Lai is trained as a chemist, having completed a Master of Science in 2009 in chemistry with a thesis titled The Use of Nanostructured Calcium Silicate in Solar Cells at the Victoria University of Wellington.[1] Lai completed her Doctor of Law in 2013 at the University of Lucerne, where she also conducted postdoctoral research.[2][3] Lai was awarded a Swiss National Science Foundation Postdoctoral Fellowship to work at the Max-Planck Institute for Innovation and Competition in Munich.[3] Lai then returned to New Zealand to join the faculty of the School of Accounting and Commercial Law at Victoria University of Wellington, rising to full professor.[3]
Lai's research focuses on the interaction between Western intellectual property systems and indigenous knowledge, specifically Mātauranga Māori.

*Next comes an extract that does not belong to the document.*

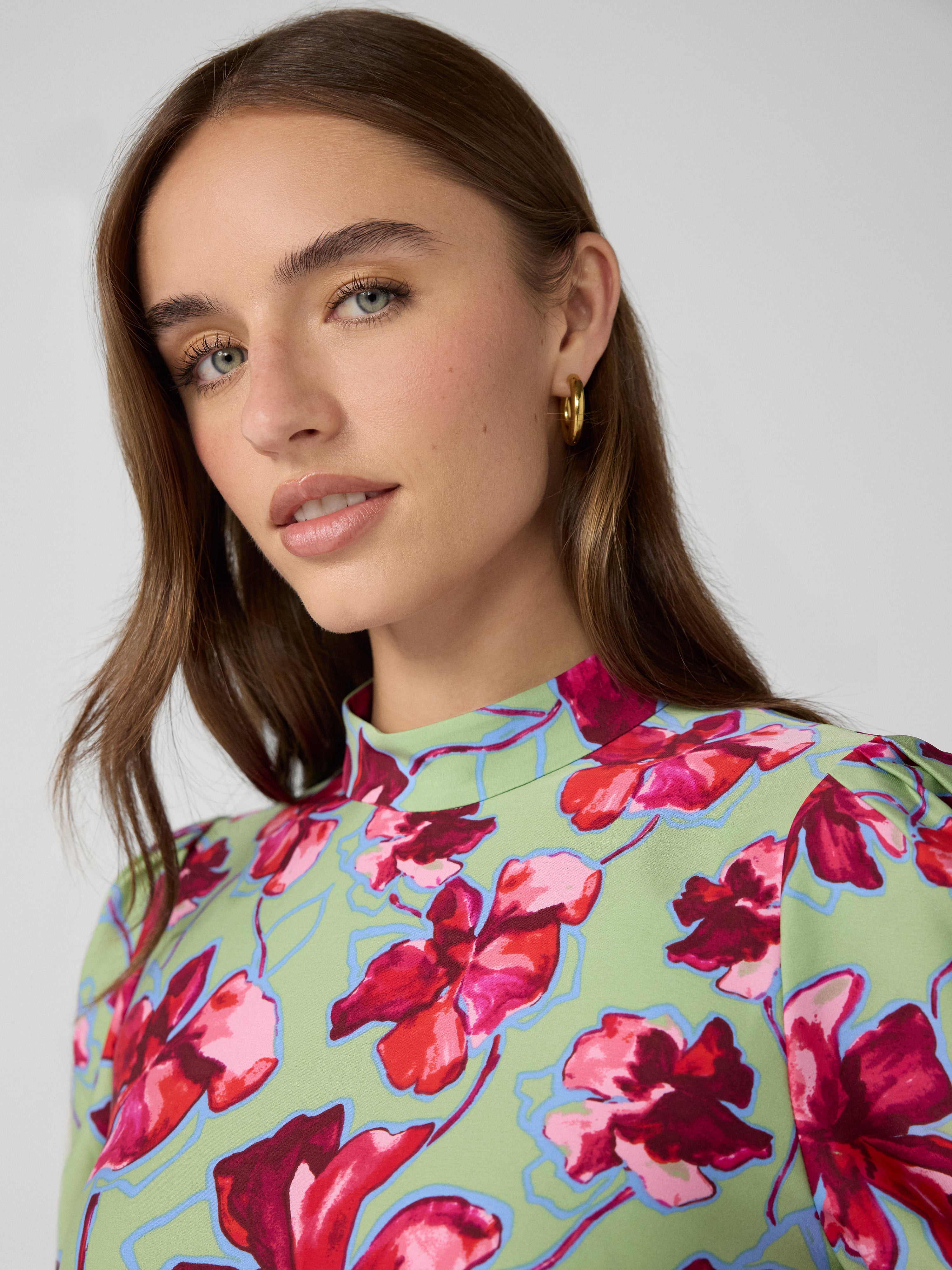 Nella Dress – Diane von Furstenberg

She has investigated how the patenting system addresses problematic technologies such as a gene-related technology, and also examines law and feminism, knowledge theorisation and legal sociology. Lai has written publicly about issues such as country of origin labelling, the difference between a trade mark and a certification mark in regards to the 'Rainbow tick', and differences between men and women in STEM.[4][5][6][2][3]
In 2018 Lai and colleague Susie Frankel were awarded a Marsden grant on "Mission Creep” in the Pharmaceutical Industry and its Impact on Innovation and Health. In 2021, Lai was awarded a Rutherford Discovery Fellowship for a project titled Patents and power: a critical analysis of knowledge governance.[2]